The friendliest, high quality science and math community on the planet! Everyone who loves science is here!

Can we prepare mixed states?

  1. Mar 15, 2014 #1

    naima

    User Avatar
    Gold Member

    As mixed states and density matrices are the generalization of pure states, i wondered if it was possible to prepare a given mixed state. I know that decoherence give mixed states. Are there other ways to get them?
    measurements on pure states always give pure states (POVM also). So how?
     
  2. jcsd
  3. Mar 15, 2014 #2
    Sure. To get the mixed state density matrix ##\rho = a |\psi\rangle\langle\psi| + b |\phi\rangle\langle\phi|##, prepare ##|\psi\rangle## with probability ##a## and ##|\phi\rangle## with probability ##b##, but don't look to see which one you prepared.
     
  4. Mar 15, 2014 #3
    I doubt his question was on the form of a mixed state density matrix.
     
  5. Mar 15, 2014 #4

    stevendaryl

    User Avatar
    Staff Emeritus
    Science Advisor

    A mixed state is a mixture of classical probability (which reflects ignorance about the true state) and quantum probability (which is involved even when you know for certain what the state is). The interesting thing about mixed states is that there is no unambiguous way to tease apart the two sources of probability.

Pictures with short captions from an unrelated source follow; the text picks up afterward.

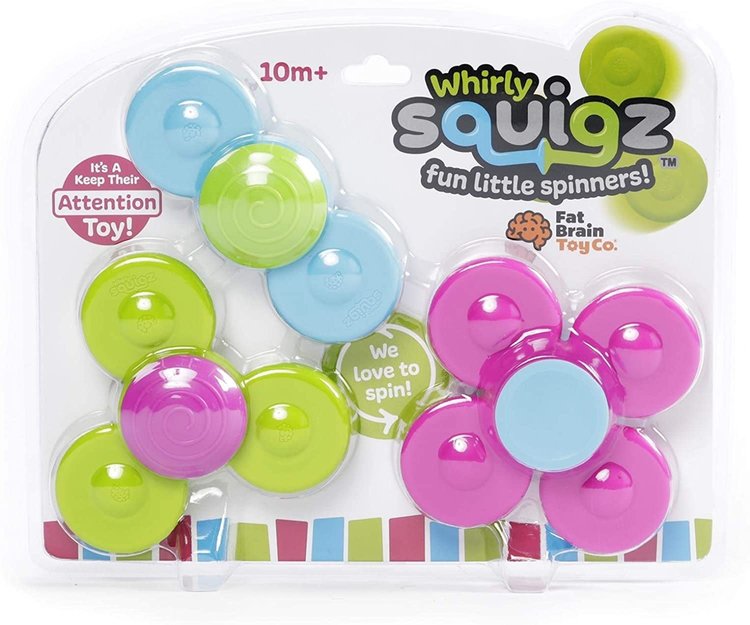 Fat Brain Toys Whirly Squigz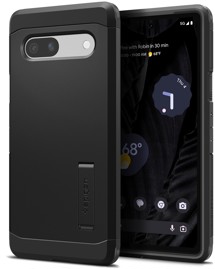 Spigen Tough Armor odolný zadní kryt pro Google Pixel 7a černý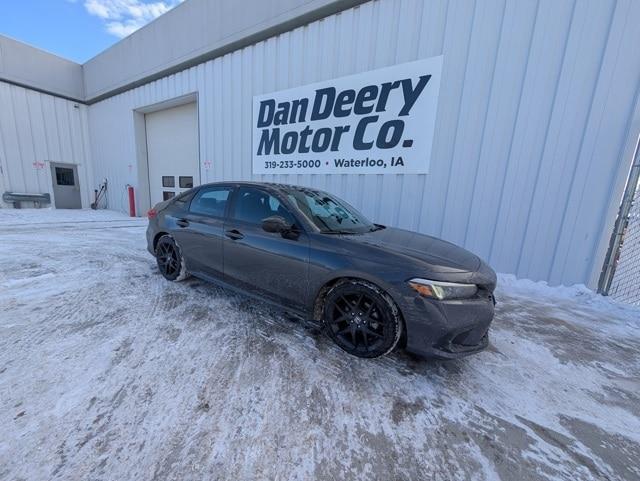 used 2024 Honda Civic car, priced at $25,295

    As The_Duck says, you can interpret a mixed state, described by a density matrix [itex]\rho[/itex] as arising from these two kinds of probability:

    [itex]\rho = \sum_j P_j |\Psi_j \rangle \langle \Psi_j |[/itex]

    This is the mixed state from choosing the pure state [itex]\Psi_j[/itex] with probability [itex]P_j[/itex]. But given [itex]\rho[/itex], there is no unique way to find the [itex]P_j[/itex] and the [itex]\Psi_j[/itex]
     
  6. Mar 15, 2014 #5

    WannabeNewton

    User Avatar
    Science Advisor

    Doesn't matter. The_Duck's response highlighted the fact that preparation of a mixed state involves classical probabilities (ignorance about the state of the system) arising from convex combinations of pure states, which is the main idea behind such a preparation. If you dislike the abstract example then just apply it verbatim to a Stern-Gerlach experiment.
     
  7. Mar 15, 2014 #6

    atyy

    User Avatar
    Science Advisor

    In the sense that decoherence gives mixed states, preparing any pure state of a system consisting of subsystems will give a mixed state, provided you make a measurement on the subsystem. This is an improper mixed state.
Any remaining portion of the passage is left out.